Today on the community forums someone mentioned he had shutdown his host and that he expected vSphere HA to restart his virtual machines. For whatever reason he got in a situation where all of his VMs were still running but he couldn’t do much anymore with them and as such he wanted to kill the host so that HA could safely restart the virtual machines. However when he shutdown his host nothing happened, the VMs remained powered off. Why did this happen?
I had seen this before in the past, but it never really sunk in until I saw the questions from this customer. I figured I would test it just to see what happened and if I could spot a difference in the vSphere HA logs. I powered on a VM on one of my hosts and moved off all other VMs. I then went to the DCUI of the host and gave a “shutdown” using F12. I tailed the FDM log on one of my hosts and spotted the following log message:
2014-04-04T11:41:54.882Z [688C2B70 info 'Invt' opID=SWI-24c018b] [VmStateChange::SavePowerChange] vm /vmfs/volumes/4ece24c4-3f1ca80e-9cd8-984be1047b14/New Virtual Machine/New Virtual Machine.vmx curPwrState=unknown curPowerOnCount=0 newPwrState=powered off <strong>clnPwrOff=true</strong> hostReporting=host-113
In the above scenario the virtual machine was not restarted even though the host was shutdown. I did the exact same exercise again, but only this time I did the shutdown using the vCenter Web Client. After I witnessed the VM being restarted I also noticed a difference in the FDM log:
2014-04-04T12:12:06.515Z [68040B70 info 'Invt' opID=SWI-1aad525b] [VmStateChange::SavePowerChange] vm /vmfs/volumes/4ece24c4-3f1ca80e-9cd8-984be1047b14/New Virtual Machine/New Virtual Machine.vmx curPwrState=unknown curPowerOnCount=0 newPwrState=powered on <strong>clnPwrOff=false</strong> hostReporting=host-113
The difference is the power-off state that is reported by vSphere HA. In the first scenario the virtual machine is marked as “clnPwrOff=true” which basically tells vSphere HA that an administrator has powered off the virtual machine, this is what happened when “shutdown” was initiated through the DCUI and hence no restart took place. (It seems that ESXi initiates a shutdown of all running virtual machines.) In the second scenario vSphere HA reported that the VM was not cleanly powered off (“clnPwrOff=false”), and as such it restarted the virtual machine as it assumed something bad had happened to it.
So what did we learn? If you, for whatever reason, want vSphere HA to restart your virtual machines which are currently running on a host that you want to shutdown, make sure that you use the vCenter Web Client instead of the DCUI!

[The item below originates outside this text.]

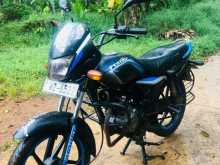 Bajaj Discover 2011 Motorbike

Disclaimer: my tests were conducted using vSphere 5.5 Update 1. I believe that at some point in the past “shutdown” via the DCUI would also allow HA to restart the VMs. I am now investigating why this has changed and when. When I find out I will update this post.
raphael schitz (@hypervisor_fr) says
Hi Duncan, very interesting behaviour. Could that be related to the guest shutdown call during ESXi shutdown?
Duncan Epping says
Yeah I guess so, but it is strange that there is a difference in behavior for these two.
Thanks for share Duncan. It’s not clear to me why shutdown a host (By DCUI Or webClient) cause The VM restart. I think that The way is only do a vmotion instead of restart.
I typically resort to powering off the host via out of band (CIMC, DRAC, iLO, etc.). HA tends to respond immediately then
Rob Taylor says
I would be curious to know if vm’s without vmware tools and without any ACPI support would restart, since I’m guessing that esxi wouldn’t be able to get those vm’s to shutdown cleanly.
Nah it isn’t about “guest initiated” or not. This could simply be a “power off VM” task, which it appears to be.
I have ran in to this before. One of my ESXi hosts lost communication with my vCenter server. Basically I needed to restart the management services, but could not as both local and remote shell was disabled. My only option was to F12 restart it through the DCUI. After doing this, the guests were not restarted on other hosts as I would have assumed. This was on ESXi 5.0 probably update1.
In response to Lee’s note above, this had to be performed through iLO and Cleriston, I did not have the option to vMotion due to the failure of management services.
Master or slave host? There is known issue with master host vcenter shutdown in 5.5.
It has got nothing to so with that. This is a change of behavior in ESXi.